About this exercise => Every line from the one containing "Cartier Boucles d'oreilles" to the end of the data below should be copied exactly, but pictures should not.

Image-caption web data:
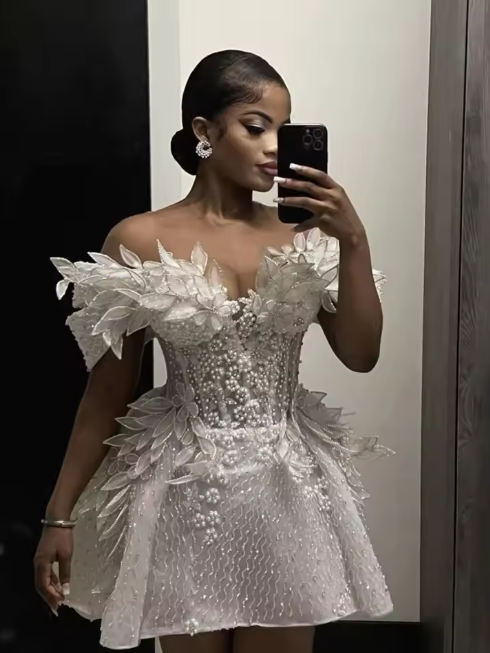 Vintage Pearls Beaded Floral Short Cocktail Dress Birthday Dress White Off-the-Shoulder Homecoming Dress - FashionDia
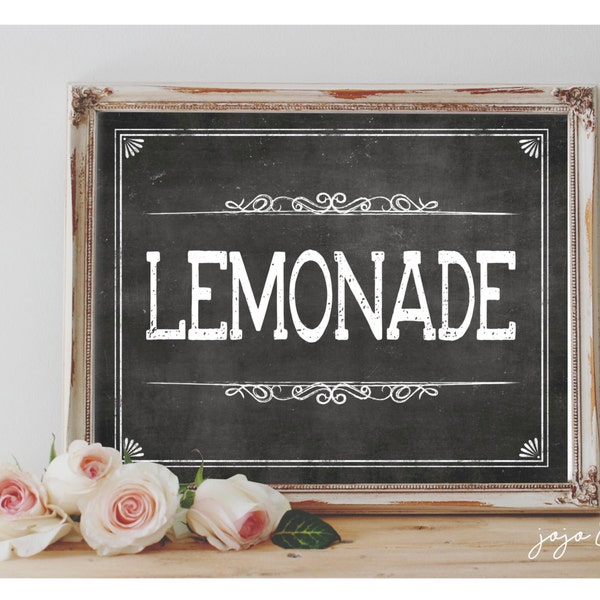 Instant 'LEMONADE' Printable Sign Chalkboard Printable Party Decor Drink Table Lemonade Stand Event Size Options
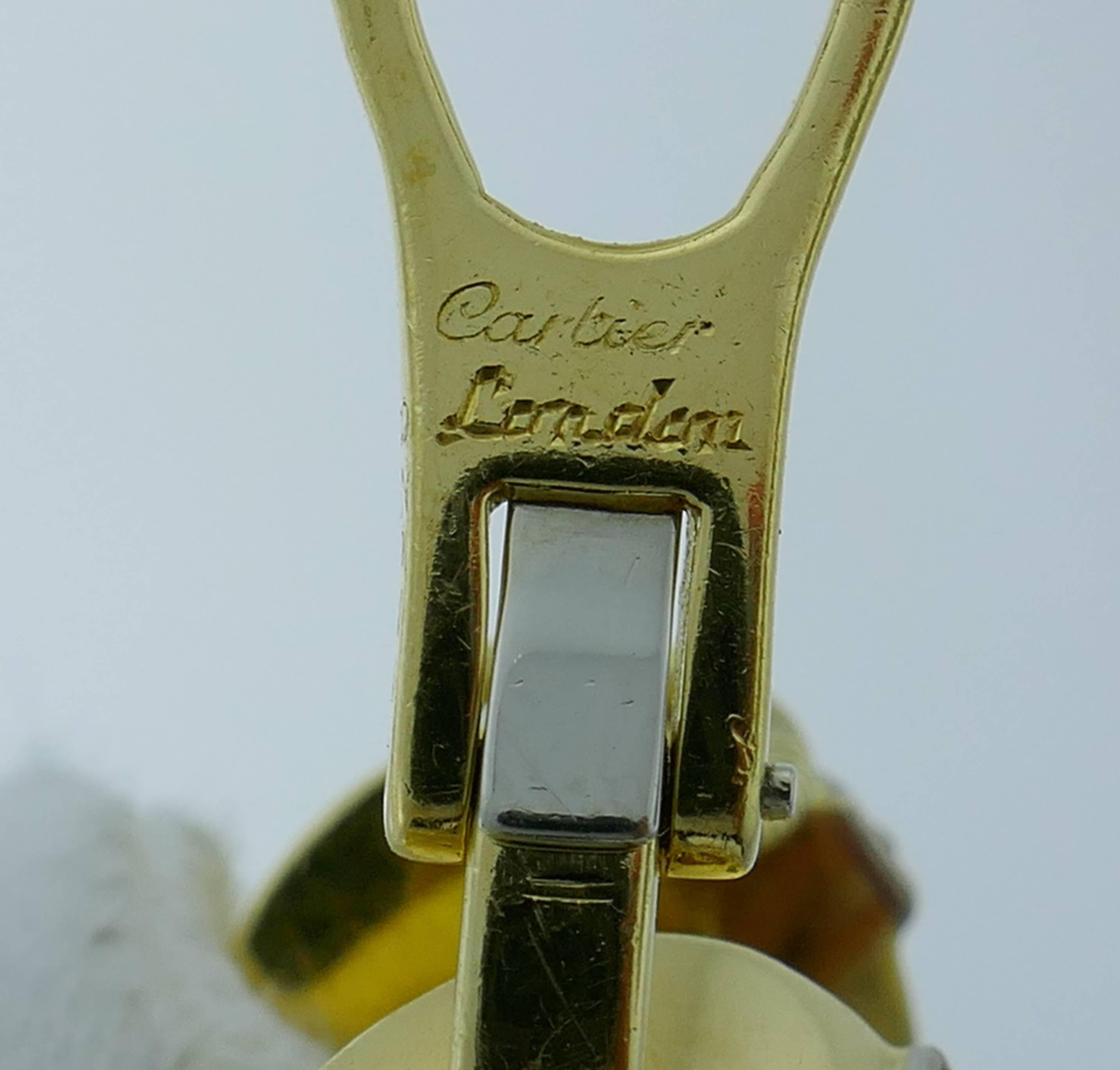 Cartier Boucles d'oreilles cerceau en or jaune et diamants en vente 1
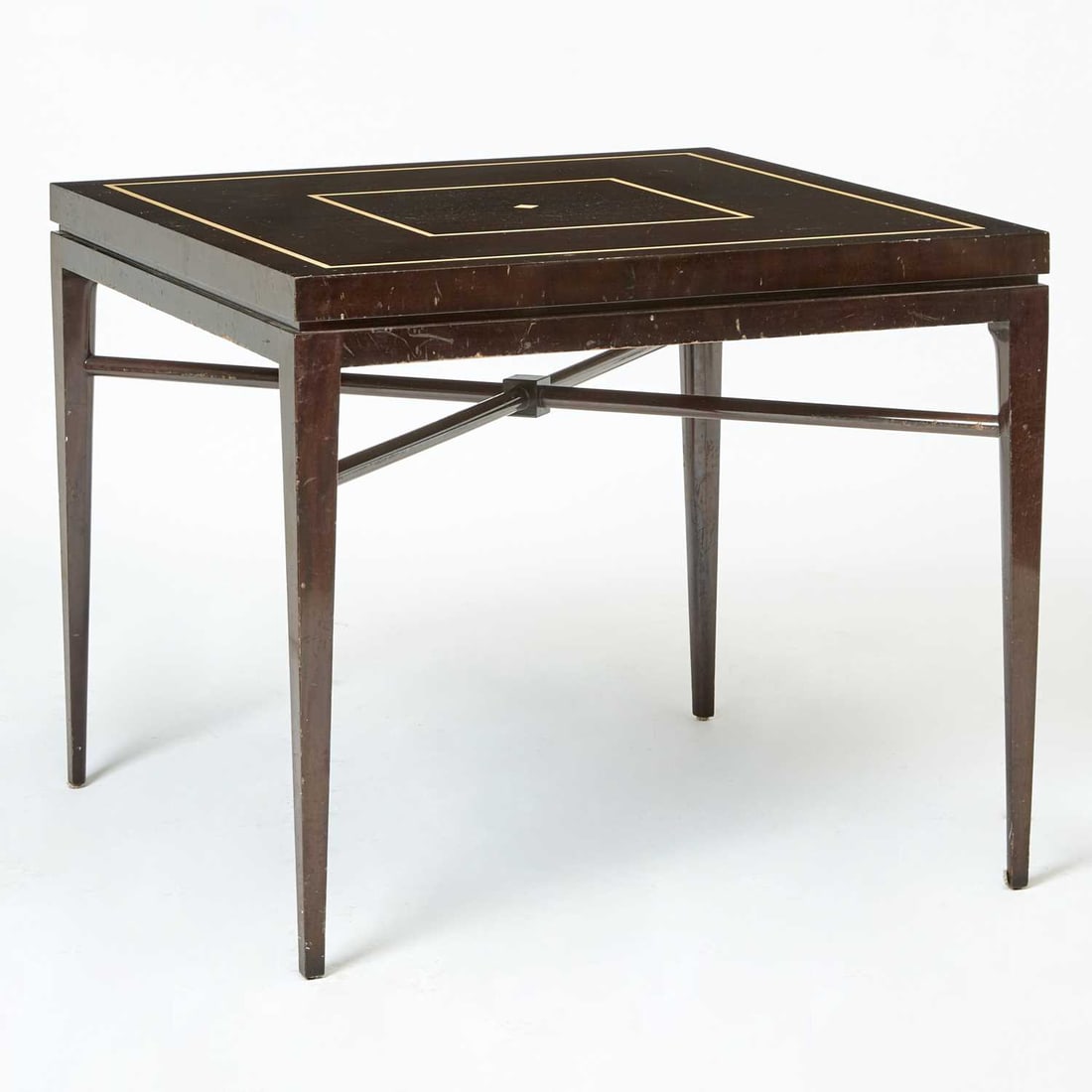 Tommi Parzinger Dark Lacquered Wood Games Table (1 of 5)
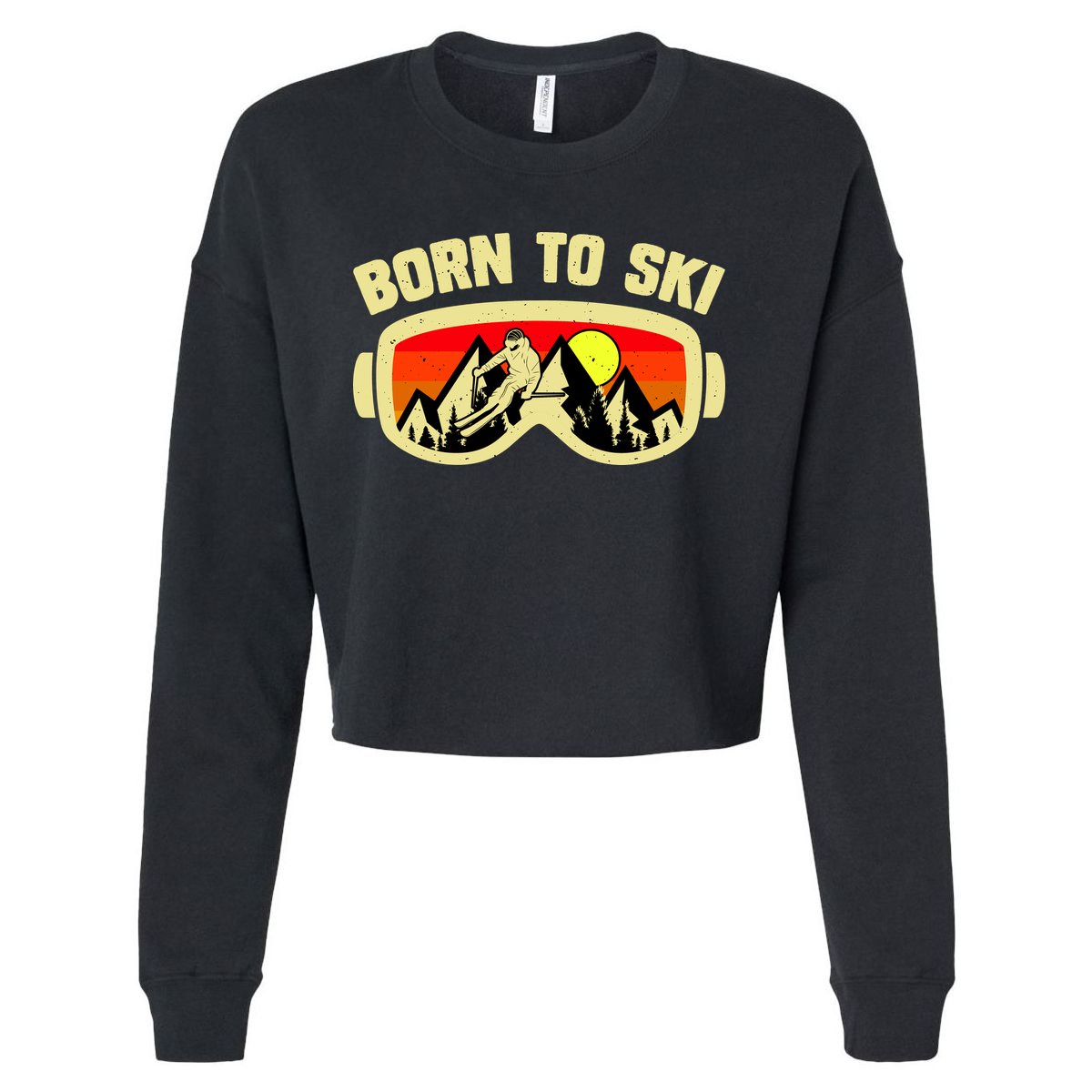 Born To Ski Cropped Pullover Crew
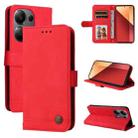 For Xiaomi Redmi Note13 Pro 4G Global/Poco M6 Pro 4G Skin Feel Life Tree Metal Button Leather Phone Case(Red) - 1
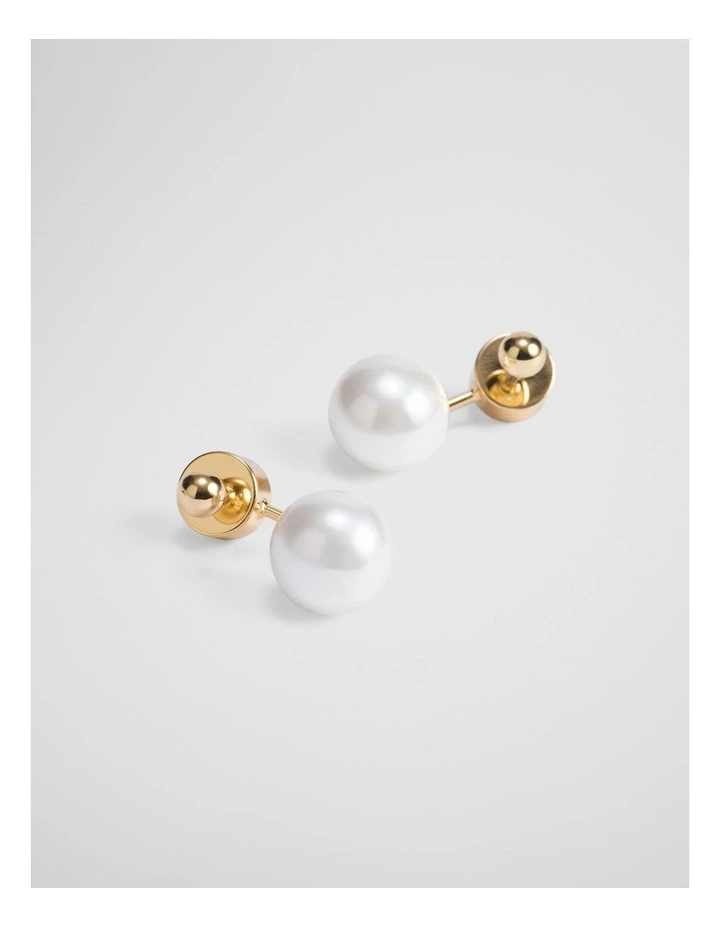 Ariel Pearl Drop Stud in Gold image 3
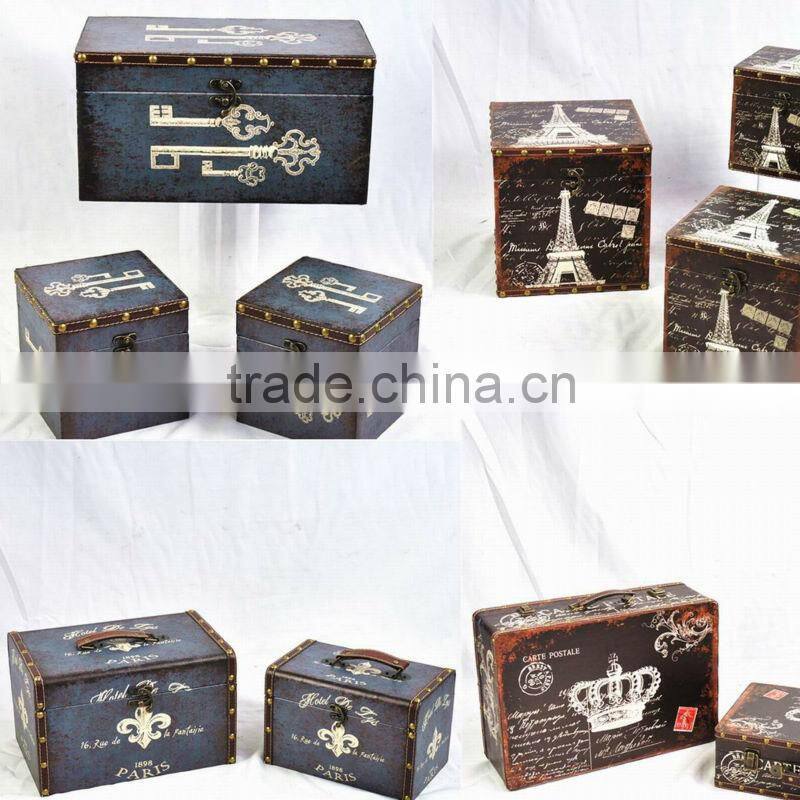 Shabby and chic handmade wooden trunk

Exercise output =>
 Cartier Boucles d'oreilles cerceau en or jaune et diamants en vente 1
 Tommi Parzinger Dark Lacquered Wood Games Table (1 of 5)
 Born To Ski Cropped Pullover Crew
 For Xiaomi Redmi Note13 Pro 4G Global/Poco M6 Pro 4G Skin Feel Life Tree Metal Button Leather Phone Case(Red) - 1
 Ariel Pearl Drop Stud in Gold image 3
 Shabby and chic handmade wooden trunk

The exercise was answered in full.